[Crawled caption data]
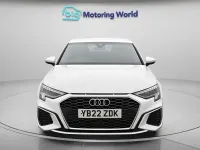 Used Audi A3 Sportback S-Line 204 HP (150 kW) 2022 White Hatchback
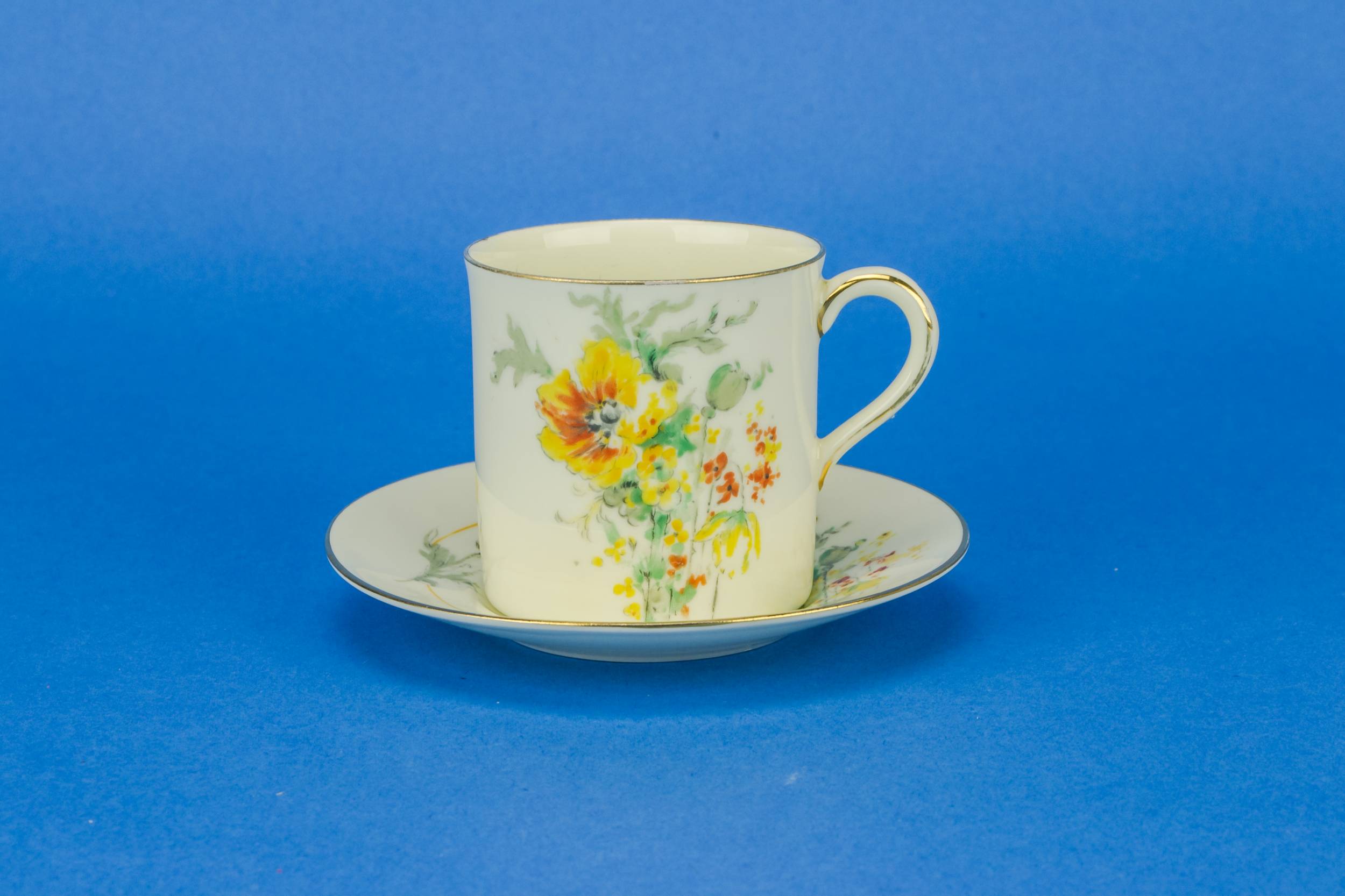 Persons Classical Art — Art Deco coffee set for 5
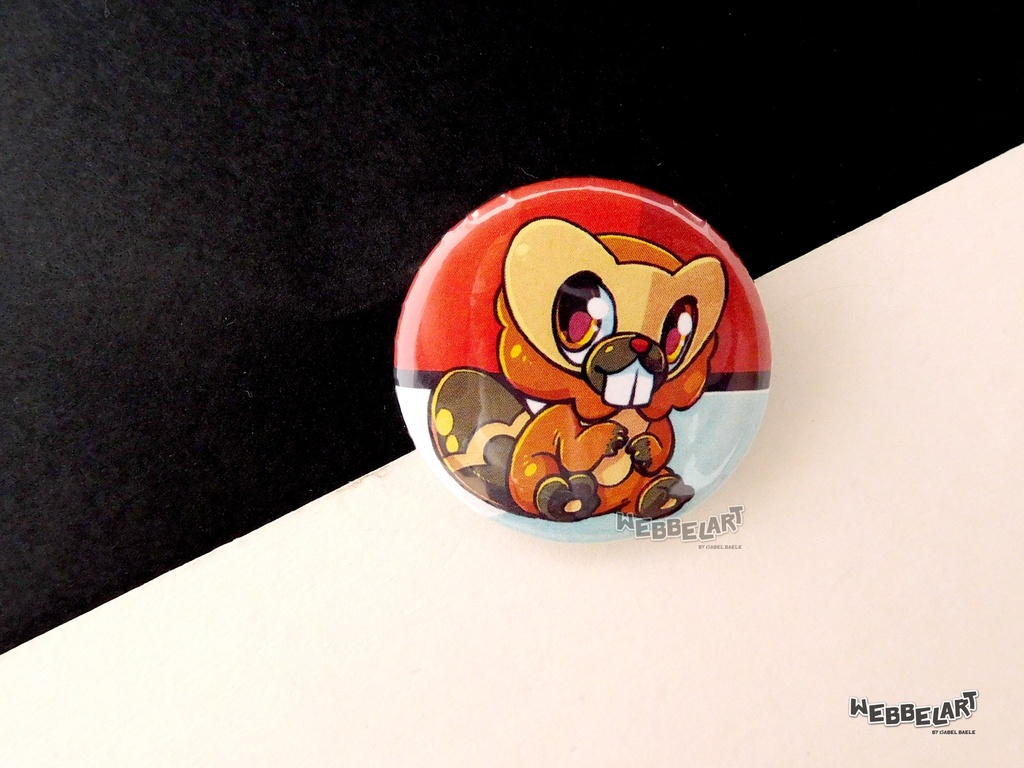 Button - Regieleki - 38mm Badge - #894 (Button)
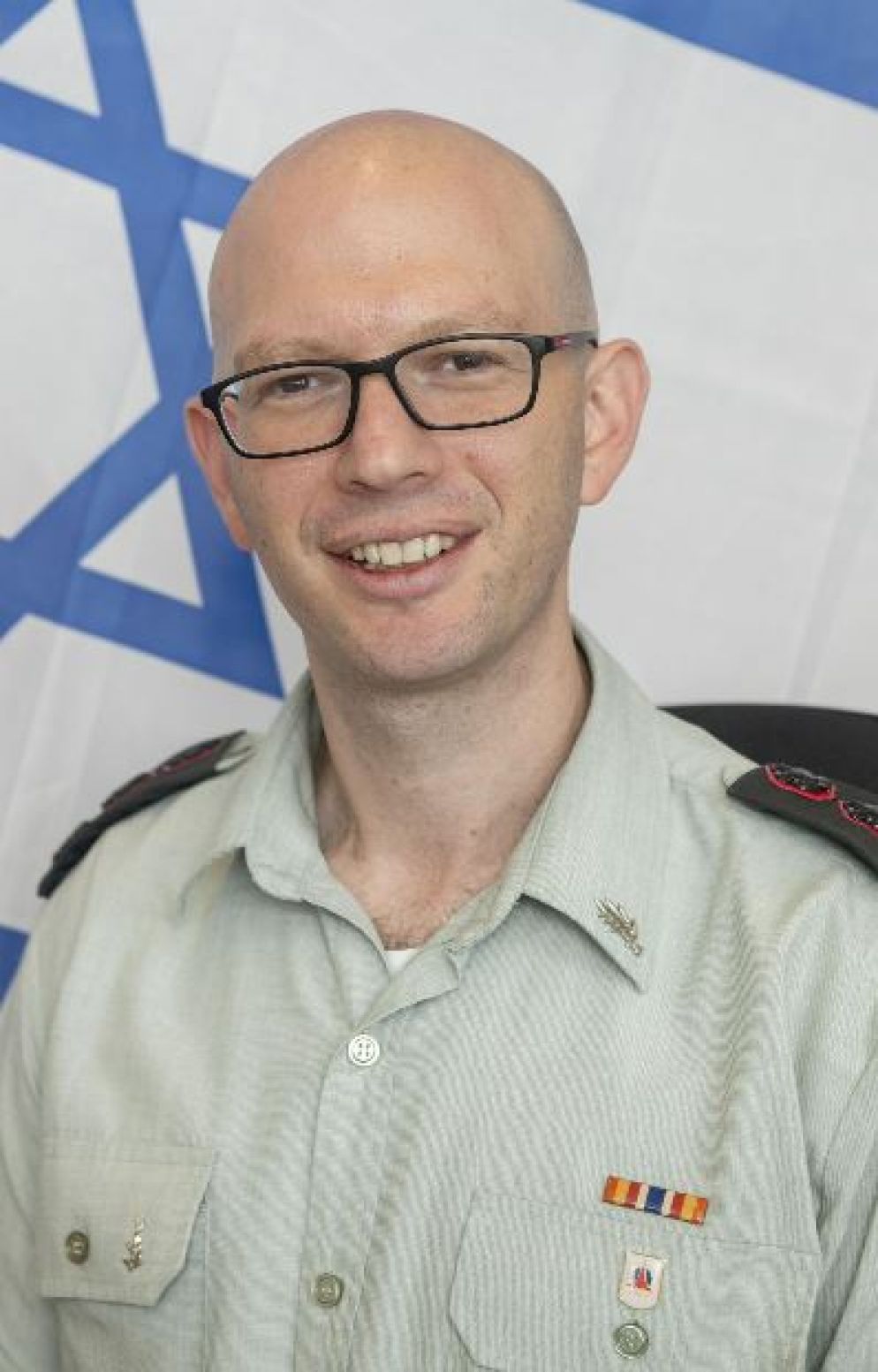 Il colonnello Nir Weingold - Per concessione dell'Ufficio Stampa del Ministero della Difesa israeliano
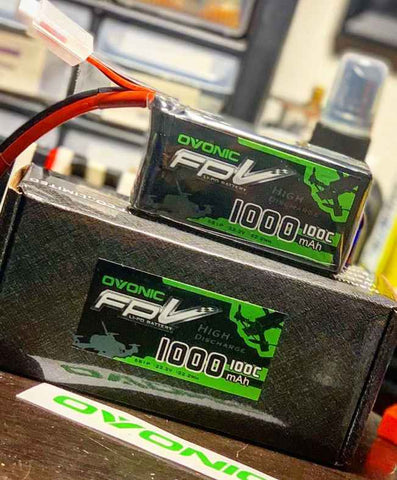 6S 1000mAh LiPo Battery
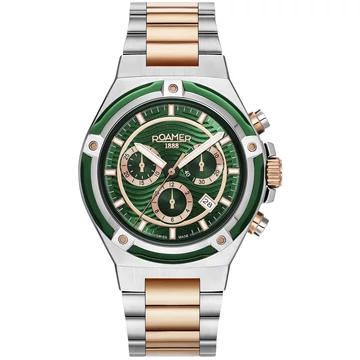 Roamer Tempomaster Chrono férfi óra - 221837497520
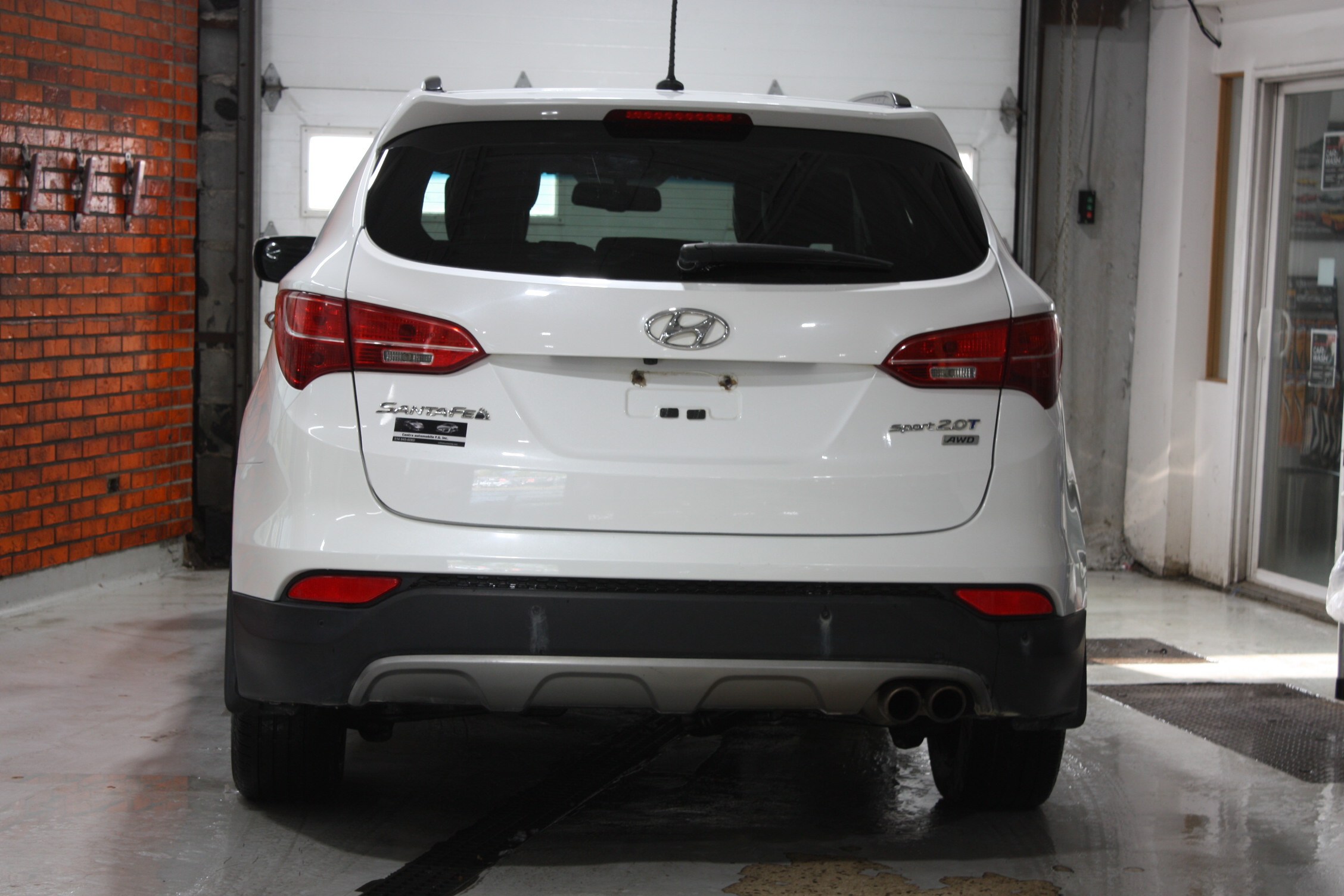 2014 HYUNDAI SANTA FE SE AWD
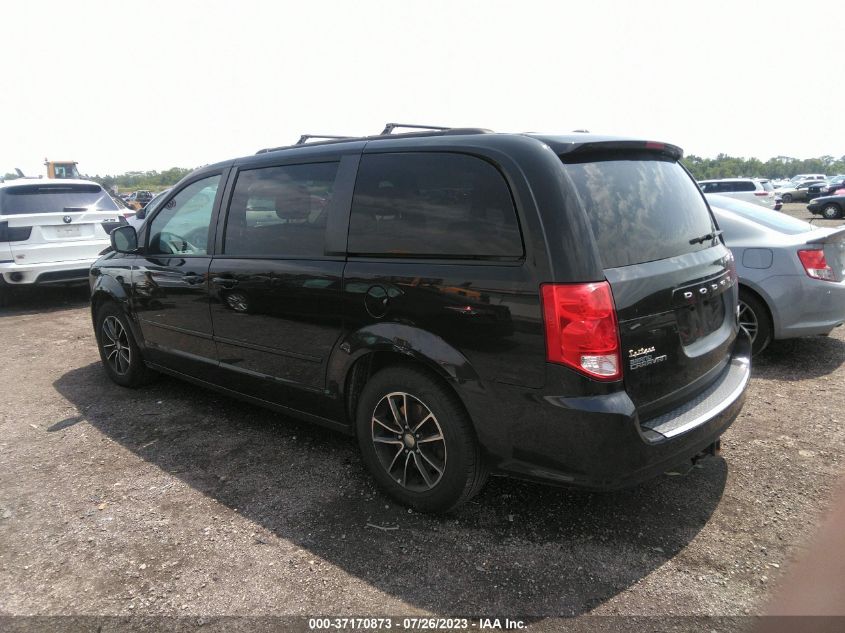 2016 DODGE GRAND CARAVAN R/T - 2C4RDGEG8GR375340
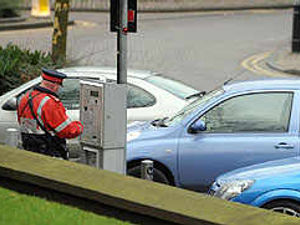 Supporting image for story: Parking fines net councils a fortune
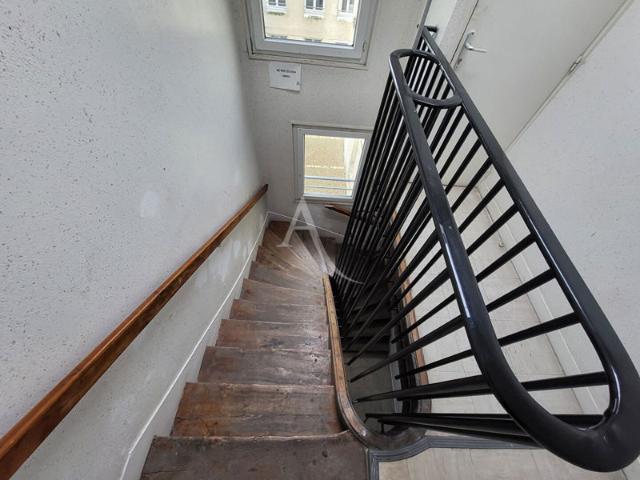 T2 avec mezzanine au 2ème étage de 63 m²
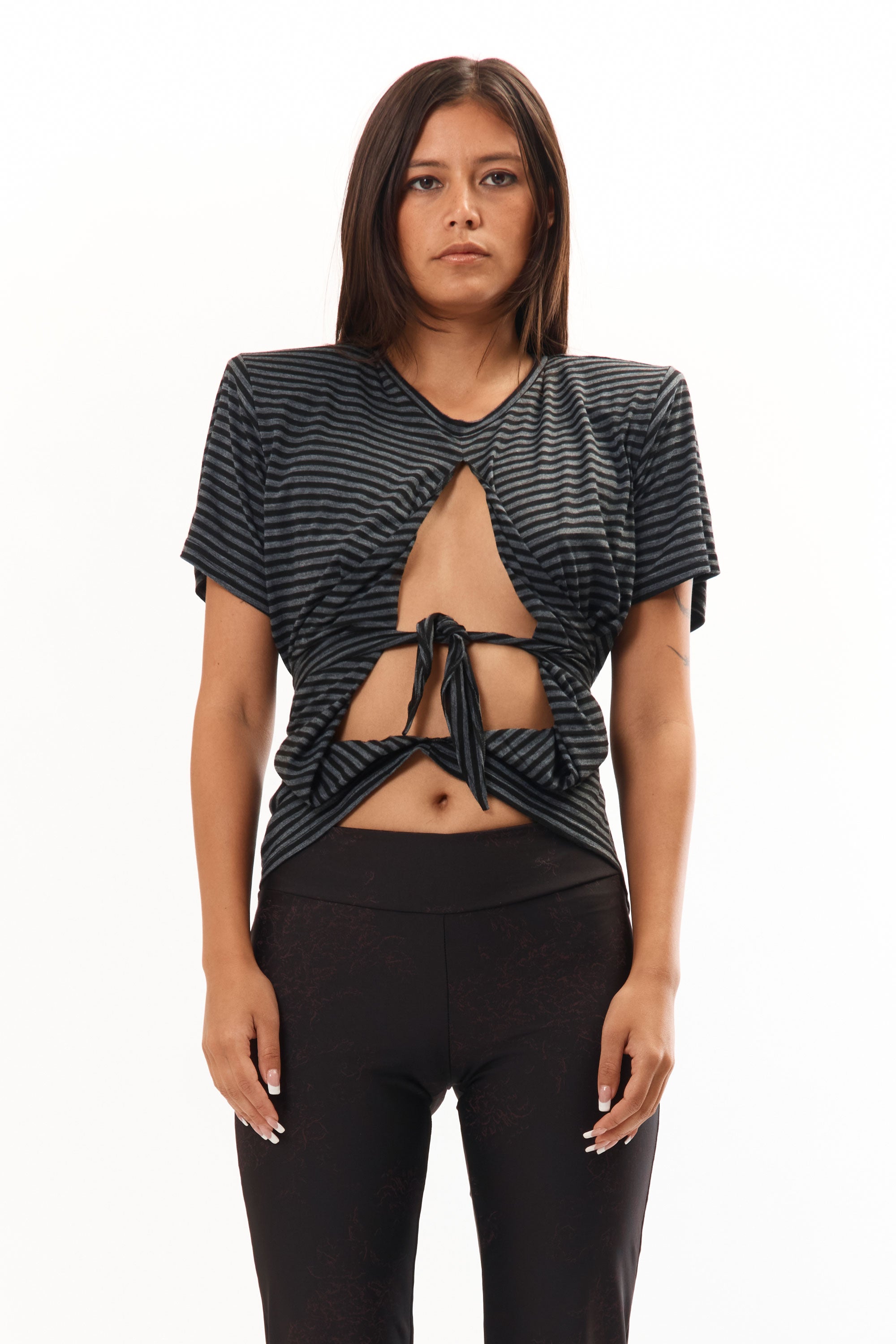 The Merino Scrunch T-Shirt available online with global shipping, and in PAM Stores Melbourne and Sydney.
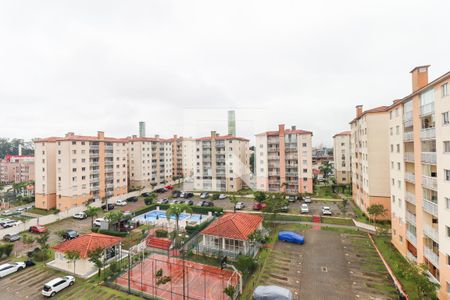 Vista da Varanda gourmet de apartamento para alugar com 2 quartos, 54m² em Capão Raso, Curitiba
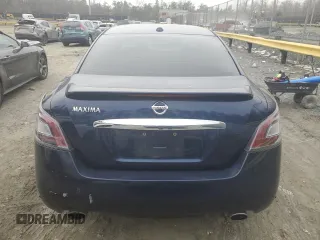 2013 Nissan Maxima S with VIN 1N4AA5AP7DC809984, listed as a Copart auction lot 44151485 with 148,625 mi miles and Non Repairable. Bid and sale history available at DreamBid. Image 6.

Problem statement: Above are some records; quote exactly and only the lines that begin at the line containing "Button - Regieleki" and stop after the line containing "Supporting image for", leaving out the pictures.

Response area:
 Button - Regieleki - 38mm Badge - #894 (Button)
 Il colonnello Nir Weingold - Per concessione dell'Ufficio Stampa del Ministero della Difesa israeliano
 6S 1000mAh LiPo Battery
 Roamer Tempomaster Chrono férfi óra - 221837497520
 2014 HYUNDAI SANTA FE SE AWD
 2016 DODGE GRAND CARAVAN R/T - 2C4RDGEG8GR375340
 Supporting image for story: Parking fines net councils a fortune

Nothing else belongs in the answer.